ROBERT SIEGEL, host:
In the other North African countries where leaders have faced tidal waves of protests, it was pretty easy to describe the relationship of those leaders to the U.S. and Europe. Both Tunisia's Ben Ali and Egypt's Mubarak were allies in the fight against al-Qaida, and Mubarak's military cooperation with the U.S. and his position on Israel were cornerstones of U.S. Mideast policy.
But the relationship with Libya's Moammar Gadhafi isn't so easy to describe. Cameron Abadi, who is associate editor of Foreign Policy magazine, tries to describe it in his piece "A Regime We Can Trust: How Did The West Get Qaddafi So Wrong?"
Welcome to the program.
Mr. CAMERON ABADI (Associate Editor, Foreign Policy): Thanks for having me.
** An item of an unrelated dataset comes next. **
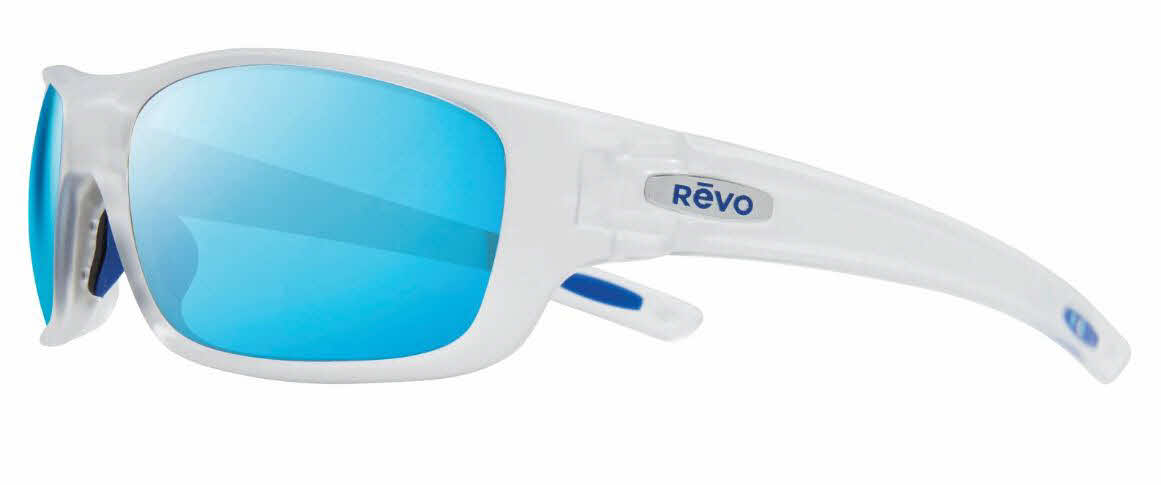  matte/matte crystal frame with revo blue lens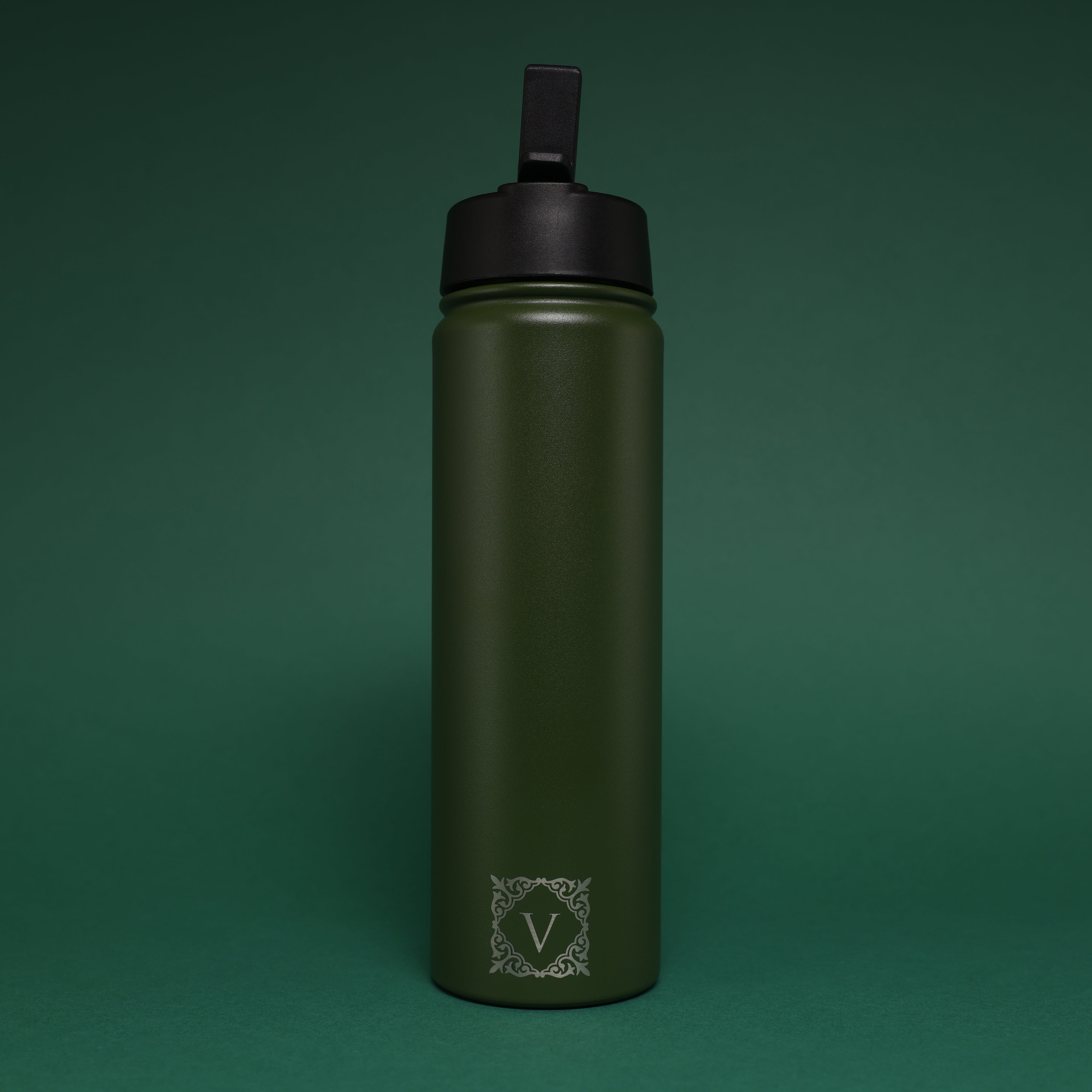 Versai Green Stainless Steel Straw Water Bottle (500ml / 650ml / 1L)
SIEGEL: And first, I'd like you to describe the West's view of Moammar Gadhafi, say, back in the 1970s or '80s when he would have been a candidate for membership in what George W. Bush much later on called the axis of evil.
Mr. ABADI: That's right. Before there was an axis of evil, there was President Reagan's use of the term "mad dog of the Middle East" as applied to Moammar Gadhafi. And that was not only the view of Washington but the rest of the world.
From the time he came into power in 1969, he isolated himself and his country from international politics by supporting terrorism, by loudly proclaiming his support for a reordering of the region along Islamist lines. And the United States and the West responded by gladly isolating him and had very little to do with him.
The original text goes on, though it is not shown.